• TASK PROMPT
The required output is the lines from the one with "Gorgeous Emerald Green" through the end of the data, repeated verbatim, with no pictures included.

• INFORMATION PROVIDED
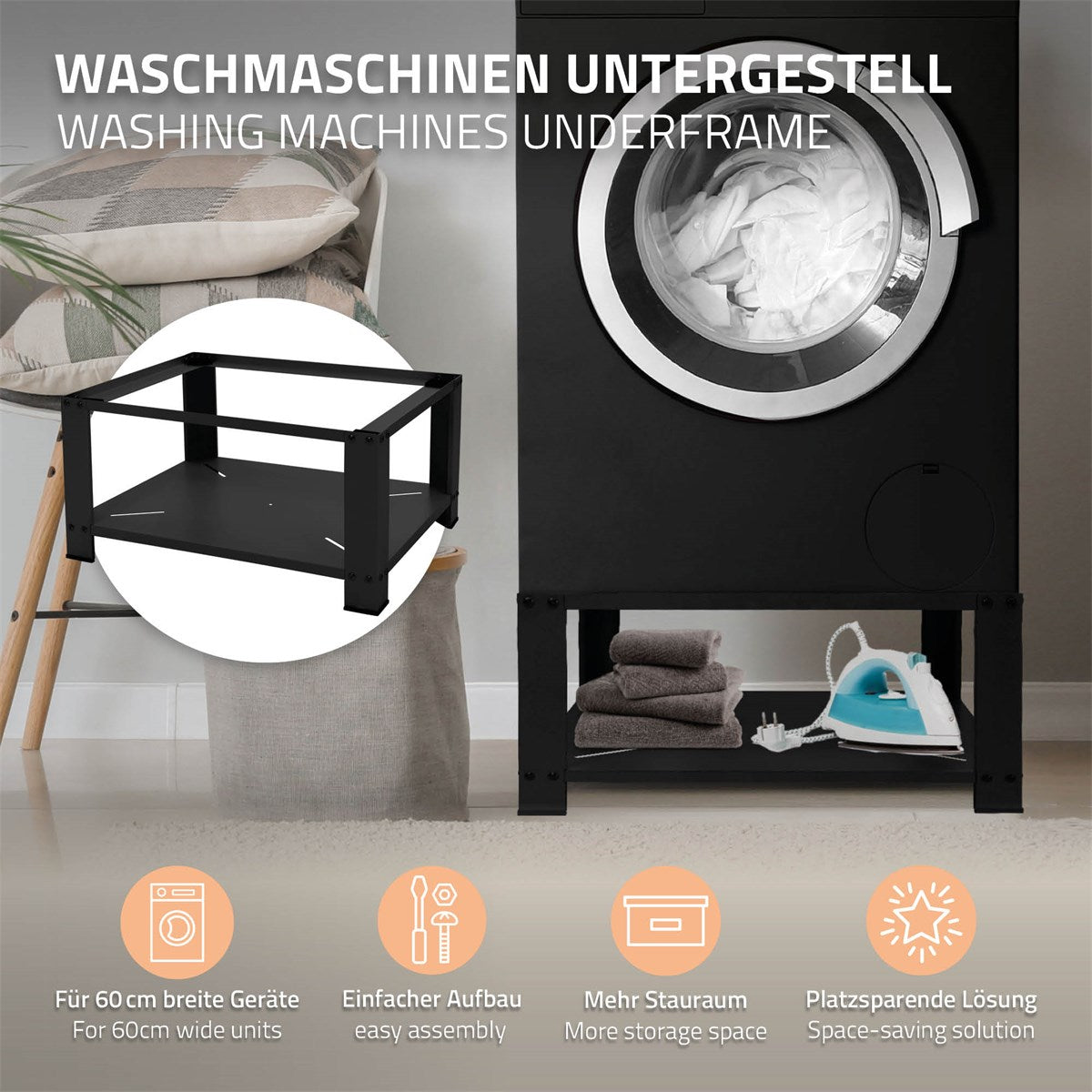Waschmaschinenuntergestell mit Platz für eine Waschmaschine und einem Bügeleisen.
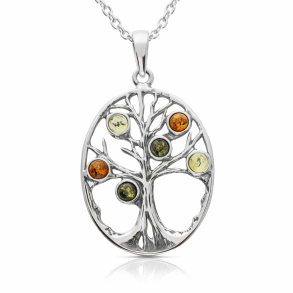 Sterling S�lv Livets Tr� vedh�ng med flerfarvede ravblade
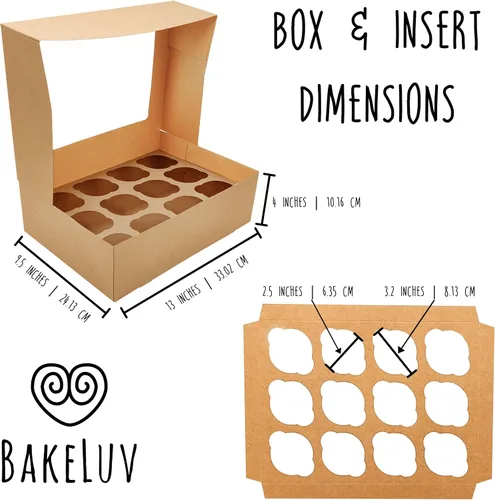 Vista 3 de BAKELUV 12 cajas de magdalenas marrones, recipientes para cupcakes 13x9.5x4, paquete de 50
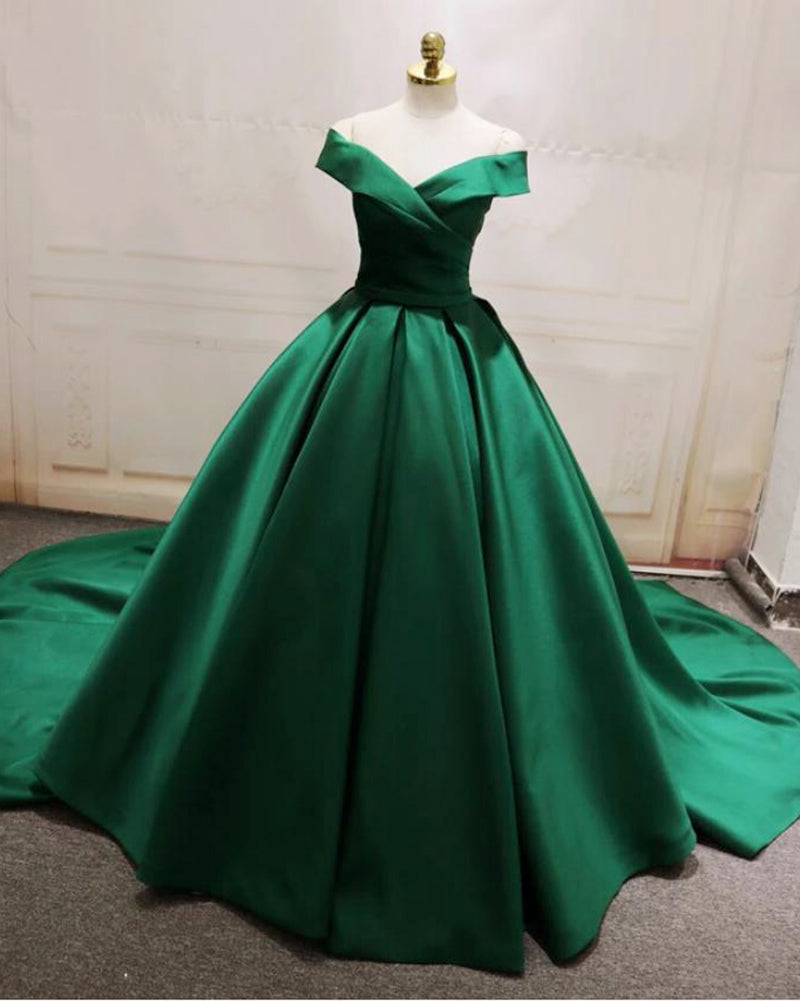 Gorgeous Emerald Green /Wine red Ball Gown Women Formal Wedding Party Dresses PL7854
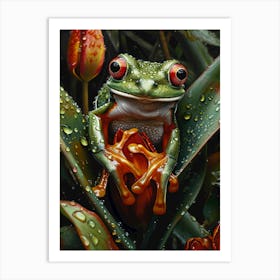 Frog with flowers 1 Art Print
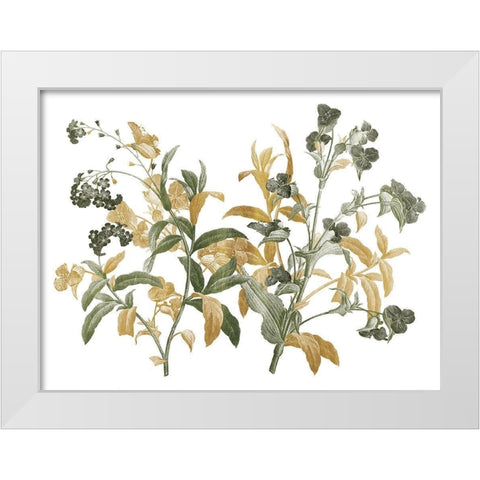 Floral Bushel Green Golds White Modern Wood Framed Art Print by Grey, Jace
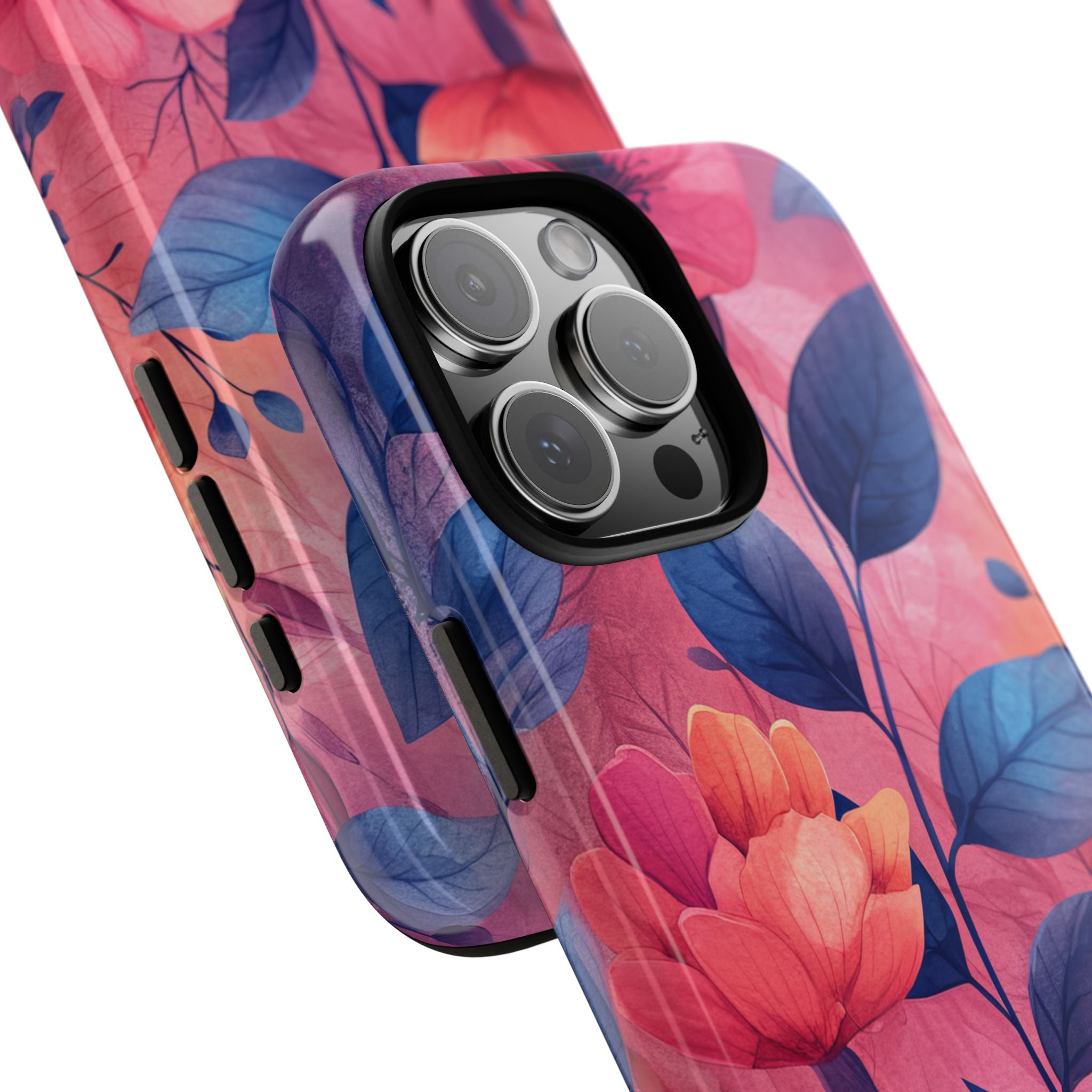 Pink Blue Floral - Tough iPhone 16 Phone Case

• WRITTEN RESPONSE
 Gorgeous Emerald Green /Wine red Ball Gown Women Formal Wedding Party Dresses PL7854
 Frog with flowers 1 Art Print
 Floral Bushel Green Golds White Modern Wood Framed Art Print by Grey, Jace
 Pink Blue Floral - Tough iPhone 16 Phone Case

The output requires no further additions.